Recruited by a very determined Sylvester Stallone, the original Rocky himself, Mr. Flaherty and his collaborators never tried to go the fashionable route of a winking sendup, like the musical “Xanadu.” But the chilly reception from Broadway backers knocked out “Rocky” until, the lyricist Lynn Ahrens said, “these crazy German people showed up.”
They were executives from Stage Entertainment, the leading European presenter of musical spectacles like “The Lion King” “Mamma Mia!” and “Tarzan.” And they came eager to grow their multimillion-dollar empire — which specializes in retrofitting Broadway musicals (even flops) for audiences in Hamburg, Madrid, Paris and elsewhere into their native languages — and to develop more shows on their own. If “Rocky the Musical” struck some as the dumbest movie-to-musical yet, following recent Broadway flops like “Ghost” and “Leap of Faith,” “Rocky das Musical” held promise as the sort of testosterone-fueled event that can whip German audiences into a lather….
Whether Broadway-caliber tastemakers will emerge along the red-light district of the Reeperbahn here, where “Rocky” is playing across from sex-and-kino parlors, is among the questions facing the show.
I could have excerpted basically any paragraph in the article. Click through and read it.

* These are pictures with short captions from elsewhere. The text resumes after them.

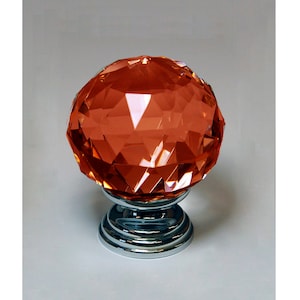 Könnte beinhalten: Ein facettierter Kristall-Schrankknopf mit einer verchromten Basis. Der Kristall ist in einer leuchtenden orangen Farbe.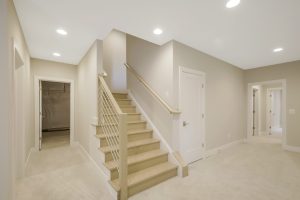 Living room in Foxmoor floor plan with modern decor.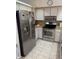 Stainless steel appliances and light tile floor at 310 Blue Jacket Ln, Orlando, FL 32825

It sounds like the Rocky musical might actually be good, which is the most hilarious possible turn of events. I hope they bring it to Broadway and it kills, not just for the tourist crowd but for the snobby old Broadway lot that has been reeling since Sunday in the Park with George closed. And I’m obviously rooting for them to call it “Rocky das Musical” even when it’s produced in English, because it sounds both way sillier and way artsier that way.
Of the German production, Sylvester Stallone says: “All I understand is when Rocky says ‘Yo.’” In that way, his experience watching the German musical of Rocky is pretty similar to everyone else’s while watching Stallone in the original Rocky.